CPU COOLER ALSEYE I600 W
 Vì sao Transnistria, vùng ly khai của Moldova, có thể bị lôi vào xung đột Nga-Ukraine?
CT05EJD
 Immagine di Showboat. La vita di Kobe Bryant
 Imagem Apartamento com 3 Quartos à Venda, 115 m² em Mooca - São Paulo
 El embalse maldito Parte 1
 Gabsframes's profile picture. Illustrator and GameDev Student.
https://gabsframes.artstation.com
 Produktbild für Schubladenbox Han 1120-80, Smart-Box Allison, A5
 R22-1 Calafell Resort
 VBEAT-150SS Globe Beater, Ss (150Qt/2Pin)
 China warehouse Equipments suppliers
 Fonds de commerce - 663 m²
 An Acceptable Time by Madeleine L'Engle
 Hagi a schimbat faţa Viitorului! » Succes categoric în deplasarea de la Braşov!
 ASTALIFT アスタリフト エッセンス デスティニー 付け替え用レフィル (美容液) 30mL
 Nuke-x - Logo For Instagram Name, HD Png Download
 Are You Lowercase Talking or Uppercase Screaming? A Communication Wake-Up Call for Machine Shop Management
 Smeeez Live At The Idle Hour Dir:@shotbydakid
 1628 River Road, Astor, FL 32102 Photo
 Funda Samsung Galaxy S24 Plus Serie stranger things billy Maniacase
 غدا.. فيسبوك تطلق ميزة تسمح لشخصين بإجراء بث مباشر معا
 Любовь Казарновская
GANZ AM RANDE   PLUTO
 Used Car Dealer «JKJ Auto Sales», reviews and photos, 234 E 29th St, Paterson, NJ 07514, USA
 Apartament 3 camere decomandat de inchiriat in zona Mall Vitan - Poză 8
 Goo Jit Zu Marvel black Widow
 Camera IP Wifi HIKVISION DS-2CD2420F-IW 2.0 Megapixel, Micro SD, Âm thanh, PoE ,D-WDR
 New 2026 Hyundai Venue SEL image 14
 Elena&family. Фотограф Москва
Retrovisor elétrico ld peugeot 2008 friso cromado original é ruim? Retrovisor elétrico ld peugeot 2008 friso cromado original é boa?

============

**PROBLEM DESCRIPTION**
When you reach the line containing "https://gabsframes.artstation.com" in the data above, start copying exactly, and stop after the line containing "ASTALIFT アスタリフト エッセンス".

**RESULT**
https://gabsframes.artstation.com
 Produktbild für Schubladenbox Han 1120-80, Smart-Box Allison, A5
 R22-1 Calafell Resort
 VBEAT-150SS Globe Beater, Ss (150Qt/2Pin)
 China warehouse Equipments suppliers
 Fonds de commerce - 663 m²
 An Acceptable Time by Madeleine L'Engle
 Hagi a schimbat faţa Viitorului! » Succes categoric în deplasarea de la Braşov!
 ASTALIFT アスタリフト エッセンス デスティニー 付け替え用レフィル (美容液) 30mL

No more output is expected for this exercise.